Herald Journal, Aug. 25, 2003
Group presses proposal about new HLWW school campus
By Lynda Jensen
Chances are that some residents have seen or heard about the "Support Our School" non profit organization pertaining to the Howard Lake-Waverly-Winsted school district.
But what is it all about?
The purpose of the group is to help spread the word about the critical position that it feels the school board is in both facilities and budget wise, organizer Rob Merritt said.
The group wishes to help persuade people to vote in favor of a new school campus complex in a "neutral site with common sense about the central part of the district," Merritt said.
The choice is in the hands of the school board, which will decide by October, Supt. George Ladd said.
Elementary schools are planned for the communities that won't end up with the campus, Ladd said.
The group has been busy over the summer, manning a booth at the Wright County Fair, and encouraging people to wear buttons and spread the word about a new school.
"The community has to decide if education is important to them," Merritt said.
HLWW plans to ask voters to approve both a bond for building, and an operation levy for ongoing school expenses.
Breathing new life into an old issue
The group revived the facilities issue when it successfully persuaded the school board in the spring to attempt a building bond on the fall.
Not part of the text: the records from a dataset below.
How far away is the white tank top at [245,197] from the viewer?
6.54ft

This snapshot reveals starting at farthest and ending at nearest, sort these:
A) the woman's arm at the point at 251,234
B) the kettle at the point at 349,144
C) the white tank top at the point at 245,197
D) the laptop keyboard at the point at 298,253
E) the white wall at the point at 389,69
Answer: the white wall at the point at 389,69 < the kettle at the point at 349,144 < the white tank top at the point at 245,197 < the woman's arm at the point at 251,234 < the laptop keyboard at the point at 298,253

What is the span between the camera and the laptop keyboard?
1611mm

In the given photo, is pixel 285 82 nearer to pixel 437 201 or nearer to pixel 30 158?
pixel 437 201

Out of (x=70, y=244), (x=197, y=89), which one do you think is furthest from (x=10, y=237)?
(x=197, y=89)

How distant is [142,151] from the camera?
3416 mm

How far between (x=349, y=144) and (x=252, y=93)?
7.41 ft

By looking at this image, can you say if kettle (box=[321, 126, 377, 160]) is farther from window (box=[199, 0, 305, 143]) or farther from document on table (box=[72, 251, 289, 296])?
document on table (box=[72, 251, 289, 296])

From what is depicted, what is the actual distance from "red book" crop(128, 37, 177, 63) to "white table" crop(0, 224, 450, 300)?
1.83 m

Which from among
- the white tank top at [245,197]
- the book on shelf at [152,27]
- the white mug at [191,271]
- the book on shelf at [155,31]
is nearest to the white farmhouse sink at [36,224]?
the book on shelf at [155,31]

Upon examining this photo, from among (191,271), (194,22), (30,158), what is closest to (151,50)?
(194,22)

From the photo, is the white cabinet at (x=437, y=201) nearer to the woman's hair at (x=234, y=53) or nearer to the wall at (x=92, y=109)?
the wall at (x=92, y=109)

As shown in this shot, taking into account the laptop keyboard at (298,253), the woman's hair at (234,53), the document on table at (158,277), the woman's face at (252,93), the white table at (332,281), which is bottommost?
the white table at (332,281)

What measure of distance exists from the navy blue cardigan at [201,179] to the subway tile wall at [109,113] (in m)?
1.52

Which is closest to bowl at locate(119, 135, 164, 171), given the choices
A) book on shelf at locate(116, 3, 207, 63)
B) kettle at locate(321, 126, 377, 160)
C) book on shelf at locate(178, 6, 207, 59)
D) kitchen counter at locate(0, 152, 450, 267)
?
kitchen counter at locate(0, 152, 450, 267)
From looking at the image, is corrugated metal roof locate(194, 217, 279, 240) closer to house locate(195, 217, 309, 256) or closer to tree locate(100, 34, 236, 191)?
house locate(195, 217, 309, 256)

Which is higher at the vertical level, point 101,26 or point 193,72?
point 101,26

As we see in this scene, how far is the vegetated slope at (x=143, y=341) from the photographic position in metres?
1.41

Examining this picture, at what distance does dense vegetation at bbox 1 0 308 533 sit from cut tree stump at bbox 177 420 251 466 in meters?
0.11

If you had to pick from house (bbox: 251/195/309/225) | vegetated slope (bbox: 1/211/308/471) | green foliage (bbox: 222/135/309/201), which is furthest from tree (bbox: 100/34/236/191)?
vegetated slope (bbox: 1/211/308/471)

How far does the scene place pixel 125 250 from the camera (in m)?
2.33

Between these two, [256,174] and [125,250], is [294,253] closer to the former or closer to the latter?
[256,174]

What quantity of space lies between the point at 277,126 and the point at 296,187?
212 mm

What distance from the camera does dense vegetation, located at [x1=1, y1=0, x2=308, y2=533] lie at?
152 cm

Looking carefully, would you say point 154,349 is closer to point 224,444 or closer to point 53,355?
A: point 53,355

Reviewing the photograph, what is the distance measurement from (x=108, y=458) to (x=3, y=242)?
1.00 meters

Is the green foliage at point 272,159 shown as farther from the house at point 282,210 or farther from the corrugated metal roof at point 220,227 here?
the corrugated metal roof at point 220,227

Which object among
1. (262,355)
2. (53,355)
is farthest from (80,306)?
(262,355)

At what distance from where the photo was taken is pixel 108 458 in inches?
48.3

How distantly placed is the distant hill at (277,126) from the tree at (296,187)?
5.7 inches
Before that time, the board went through a lengthy five-year process that ended up dividing the three communities over where to locate a new high school.
The group isn't so much concerned about where the school will be built, although it would prefer to remain near the central part of the district, spokesman Rob Merritt.
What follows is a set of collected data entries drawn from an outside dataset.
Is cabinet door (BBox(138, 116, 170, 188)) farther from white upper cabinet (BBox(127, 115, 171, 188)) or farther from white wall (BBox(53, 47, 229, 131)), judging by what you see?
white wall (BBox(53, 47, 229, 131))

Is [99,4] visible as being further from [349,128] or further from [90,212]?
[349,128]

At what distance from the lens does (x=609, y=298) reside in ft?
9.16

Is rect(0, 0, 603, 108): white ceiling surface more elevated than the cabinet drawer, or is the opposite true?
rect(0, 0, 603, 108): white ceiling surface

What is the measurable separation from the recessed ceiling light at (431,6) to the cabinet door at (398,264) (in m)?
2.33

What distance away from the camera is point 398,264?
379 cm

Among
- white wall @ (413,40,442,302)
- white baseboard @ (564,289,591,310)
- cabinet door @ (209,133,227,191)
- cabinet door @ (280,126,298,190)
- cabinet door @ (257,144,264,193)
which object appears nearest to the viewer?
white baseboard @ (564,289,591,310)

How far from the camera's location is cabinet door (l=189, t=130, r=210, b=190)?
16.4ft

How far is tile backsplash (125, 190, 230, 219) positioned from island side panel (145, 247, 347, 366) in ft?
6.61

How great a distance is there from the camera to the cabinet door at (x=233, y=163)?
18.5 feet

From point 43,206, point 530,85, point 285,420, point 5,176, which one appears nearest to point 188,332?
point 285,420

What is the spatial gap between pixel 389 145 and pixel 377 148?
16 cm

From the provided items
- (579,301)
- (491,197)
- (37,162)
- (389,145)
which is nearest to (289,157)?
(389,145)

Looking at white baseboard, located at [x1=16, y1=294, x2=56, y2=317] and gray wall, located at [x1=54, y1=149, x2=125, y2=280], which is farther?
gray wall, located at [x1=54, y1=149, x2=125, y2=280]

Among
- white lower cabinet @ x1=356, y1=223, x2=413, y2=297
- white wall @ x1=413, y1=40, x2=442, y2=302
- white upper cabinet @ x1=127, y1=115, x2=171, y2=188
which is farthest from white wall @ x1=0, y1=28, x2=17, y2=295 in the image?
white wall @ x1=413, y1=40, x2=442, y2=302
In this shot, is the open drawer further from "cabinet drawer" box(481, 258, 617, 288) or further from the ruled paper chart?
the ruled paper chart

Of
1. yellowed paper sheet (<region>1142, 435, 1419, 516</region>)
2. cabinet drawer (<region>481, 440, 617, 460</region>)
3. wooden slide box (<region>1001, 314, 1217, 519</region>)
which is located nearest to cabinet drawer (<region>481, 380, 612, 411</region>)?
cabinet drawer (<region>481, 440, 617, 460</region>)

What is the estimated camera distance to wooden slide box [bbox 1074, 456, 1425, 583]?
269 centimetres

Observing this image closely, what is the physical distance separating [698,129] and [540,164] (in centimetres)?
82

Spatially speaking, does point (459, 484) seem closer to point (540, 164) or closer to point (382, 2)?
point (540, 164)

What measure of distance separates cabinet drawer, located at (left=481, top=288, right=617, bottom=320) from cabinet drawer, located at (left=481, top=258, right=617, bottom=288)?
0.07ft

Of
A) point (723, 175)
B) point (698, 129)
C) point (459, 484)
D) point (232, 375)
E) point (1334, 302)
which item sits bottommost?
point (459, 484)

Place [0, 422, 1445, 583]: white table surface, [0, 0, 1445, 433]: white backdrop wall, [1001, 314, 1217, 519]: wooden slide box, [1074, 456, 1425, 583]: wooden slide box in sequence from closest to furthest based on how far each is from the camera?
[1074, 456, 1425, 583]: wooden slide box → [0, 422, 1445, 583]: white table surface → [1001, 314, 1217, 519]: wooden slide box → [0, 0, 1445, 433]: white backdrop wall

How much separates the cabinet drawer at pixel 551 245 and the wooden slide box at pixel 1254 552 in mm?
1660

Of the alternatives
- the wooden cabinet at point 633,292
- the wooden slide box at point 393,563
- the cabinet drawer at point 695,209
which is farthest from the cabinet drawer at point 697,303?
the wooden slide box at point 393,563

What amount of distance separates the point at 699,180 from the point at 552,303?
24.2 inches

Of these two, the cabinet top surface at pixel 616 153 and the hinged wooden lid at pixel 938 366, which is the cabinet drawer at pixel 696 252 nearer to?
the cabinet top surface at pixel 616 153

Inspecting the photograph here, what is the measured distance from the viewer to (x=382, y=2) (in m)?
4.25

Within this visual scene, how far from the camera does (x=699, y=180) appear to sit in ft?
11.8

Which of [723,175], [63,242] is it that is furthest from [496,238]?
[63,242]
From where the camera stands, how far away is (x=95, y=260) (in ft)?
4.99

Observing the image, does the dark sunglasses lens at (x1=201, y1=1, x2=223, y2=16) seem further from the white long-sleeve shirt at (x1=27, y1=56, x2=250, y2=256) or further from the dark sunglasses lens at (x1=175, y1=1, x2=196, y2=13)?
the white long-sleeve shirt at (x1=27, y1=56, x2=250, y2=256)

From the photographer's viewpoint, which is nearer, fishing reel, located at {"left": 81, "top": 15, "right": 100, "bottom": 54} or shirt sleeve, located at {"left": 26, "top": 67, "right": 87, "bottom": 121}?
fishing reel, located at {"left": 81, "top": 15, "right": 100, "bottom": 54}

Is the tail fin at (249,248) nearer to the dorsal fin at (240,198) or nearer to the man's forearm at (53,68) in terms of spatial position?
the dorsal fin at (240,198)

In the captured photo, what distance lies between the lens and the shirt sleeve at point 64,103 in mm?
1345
Genuine concern about the district's future is driving the group.
"We don't want our kids divided among 10 different districts," Merritt said, saying that it's possible that other districts will move in and take students, if HLWW loses its base or dissolves.
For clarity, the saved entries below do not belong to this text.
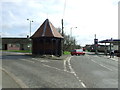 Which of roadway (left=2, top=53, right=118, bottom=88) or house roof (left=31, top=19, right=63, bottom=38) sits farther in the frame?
house roof (left=31, top=19, right=63, bottom=38)

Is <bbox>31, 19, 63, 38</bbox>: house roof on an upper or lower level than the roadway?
upper

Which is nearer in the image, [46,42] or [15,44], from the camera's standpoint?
[46,42]

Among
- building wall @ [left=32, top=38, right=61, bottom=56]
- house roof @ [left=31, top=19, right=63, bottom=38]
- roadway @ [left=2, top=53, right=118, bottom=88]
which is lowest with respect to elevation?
roadway @ [left=2, top=53, right=118, bottom=88]

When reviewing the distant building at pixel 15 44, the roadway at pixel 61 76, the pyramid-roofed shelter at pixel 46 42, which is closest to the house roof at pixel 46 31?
the pyramid-roofed shelter at pixel 46 42

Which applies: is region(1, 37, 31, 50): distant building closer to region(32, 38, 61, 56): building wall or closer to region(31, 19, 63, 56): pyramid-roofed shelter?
region(31, 19, 63, 56): pyramid-roofed shelter

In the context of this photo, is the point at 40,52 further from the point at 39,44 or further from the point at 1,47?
the point at 1,47

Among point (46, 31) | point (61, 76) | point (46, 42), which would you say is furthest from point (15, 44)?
point (61, 76)

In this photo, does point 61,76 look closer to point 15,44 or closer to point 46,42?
point 46,42

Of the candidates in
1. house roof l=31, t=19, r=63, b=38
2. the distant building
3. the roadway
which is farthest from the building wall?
the distant building

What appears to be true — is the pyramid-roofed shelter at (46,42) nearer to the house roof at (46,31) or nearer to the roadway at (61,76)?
the house roof at (46,31)

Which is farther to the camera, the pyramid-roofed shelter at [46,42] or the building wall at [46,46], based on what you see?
the building wall at [46,46]

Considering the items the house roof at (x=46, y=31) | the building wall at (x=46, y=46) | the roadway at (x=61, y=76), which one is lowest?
the roadway at (x=61, y=76)

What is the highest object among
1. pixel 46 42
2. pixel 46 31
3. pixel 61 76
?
pixel 46 31

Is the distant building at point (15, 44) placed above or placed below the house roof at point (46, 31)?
below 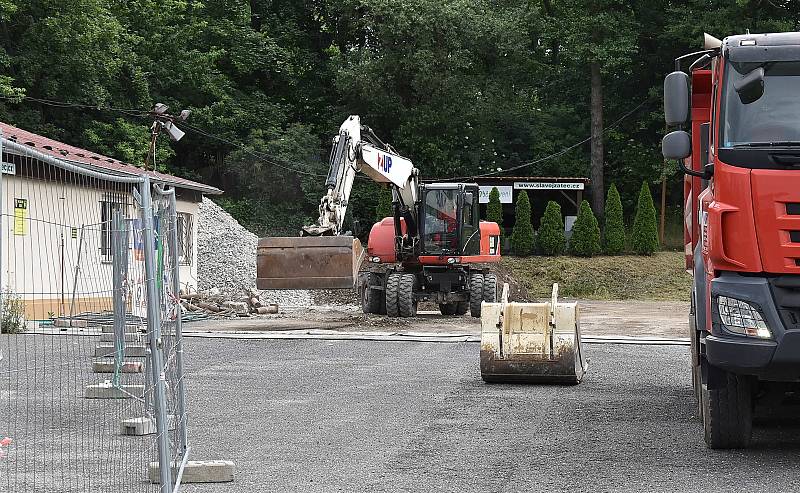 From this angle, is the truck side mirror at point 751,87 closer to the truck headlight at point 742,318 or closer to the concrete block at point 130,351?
the truck headlight at point 742,318

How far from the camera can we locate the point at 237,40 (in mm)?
52344

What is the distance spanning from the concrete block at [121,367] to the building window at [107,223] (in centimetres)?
250

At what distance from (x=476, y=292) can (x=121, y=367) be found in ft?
51.3

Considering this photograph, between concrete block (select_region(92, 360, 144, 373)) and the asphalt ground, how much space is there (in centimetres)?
76

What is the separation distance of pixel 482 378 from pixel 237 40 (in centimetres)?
4111

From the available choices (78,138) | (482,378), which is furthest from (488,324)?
(78,138)

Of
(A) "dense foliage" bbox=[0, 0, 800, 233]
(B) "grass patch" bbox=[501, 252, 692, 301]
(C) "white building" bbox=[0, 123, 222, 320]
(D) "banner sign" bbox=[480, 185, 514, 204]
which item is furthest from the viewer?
(D) "banner sign" bbox=[480, 185, 514, 204]

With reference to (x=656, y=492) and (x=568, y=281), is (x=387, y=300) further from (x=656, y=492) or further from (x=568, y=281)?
(x=656, y=492)

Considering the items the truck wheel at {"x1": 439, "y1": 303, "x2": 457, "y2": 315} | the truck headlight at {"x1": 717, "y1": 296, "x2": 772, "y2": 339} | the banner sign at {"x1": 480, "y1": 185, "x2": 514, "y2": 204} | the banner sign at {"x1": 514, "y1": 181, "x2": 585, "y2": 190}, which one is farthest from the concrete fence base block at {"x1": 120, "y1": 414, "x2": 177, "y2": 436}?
the banner sign at {"x1": 514, "y1": 181, "x2": 585, "y2": 190}

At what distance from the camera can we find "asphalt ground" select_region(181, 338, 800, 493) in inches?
311

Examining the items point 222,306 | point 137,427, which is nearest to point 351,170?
point 222,306

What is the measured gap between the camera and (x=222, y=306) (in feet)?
99.5

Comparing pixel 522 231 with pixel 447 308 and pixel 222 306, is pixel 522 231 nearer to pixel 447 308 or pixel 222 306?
pixel 447 308

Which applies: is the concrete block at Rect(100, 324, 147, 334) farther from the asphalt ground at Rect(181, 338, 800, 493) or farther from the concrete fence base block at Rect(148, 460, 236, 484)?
the concrete fence base block at Rect(148, 460, 236, 484) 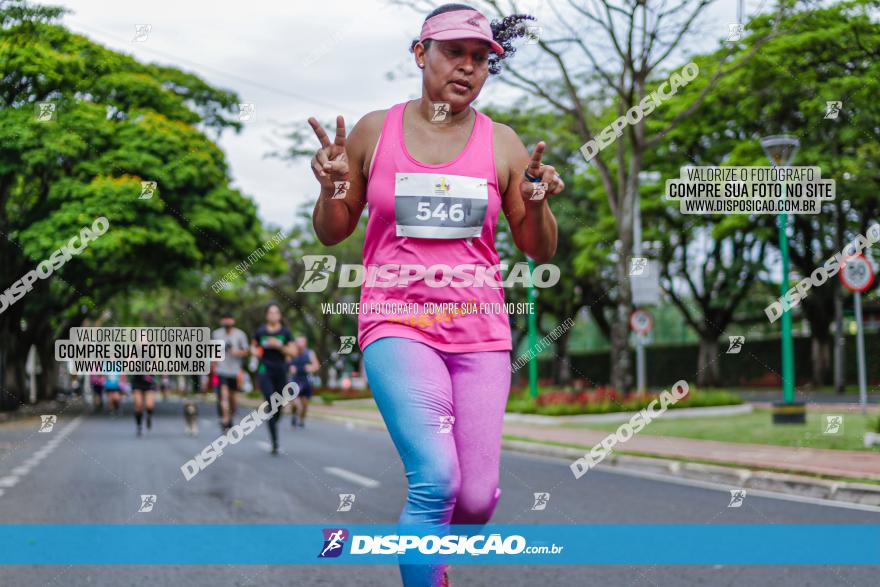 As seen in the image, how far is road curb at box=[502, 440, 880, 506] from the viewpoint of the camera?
770cm

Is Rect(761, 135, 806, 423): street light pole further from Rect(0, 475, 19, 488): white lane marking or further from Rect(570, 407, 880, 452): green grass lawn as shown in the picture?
Rect(0, 475, 19, 488): white lane marking

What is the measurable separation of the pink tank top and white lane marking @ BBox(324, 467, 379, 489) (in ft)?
20.0

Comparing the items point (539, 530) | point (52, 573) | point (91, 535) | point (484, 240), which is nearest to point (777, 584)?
point (539, 530)

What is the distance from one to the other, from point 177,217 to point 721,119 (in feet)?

Even now, area schools have been closing their doors to open enrolled students, such as Buffalo, which closed certain grades from being too full.
It's entirely possible that students could be dispersed, he said.
In addition, the group is concerned about the financial well being of the district not wanting a situation like 10 years ago when HLWW was in serious financial straits.
"I can guarantee people won't like what will happen in a few years," if the operating levy fails," Merritt said. "It'll kill them."
In fact, Ladd called the operating referendum the "most important thing of all."
"We need it, no matter which way we go," Ladd said. "Funding is flat for two years," he added.
For this reason, the group is urging others to vote in favor of the operating levy as well, Merritt said.
"We've gotten by cheaply," Merritt said, which is good.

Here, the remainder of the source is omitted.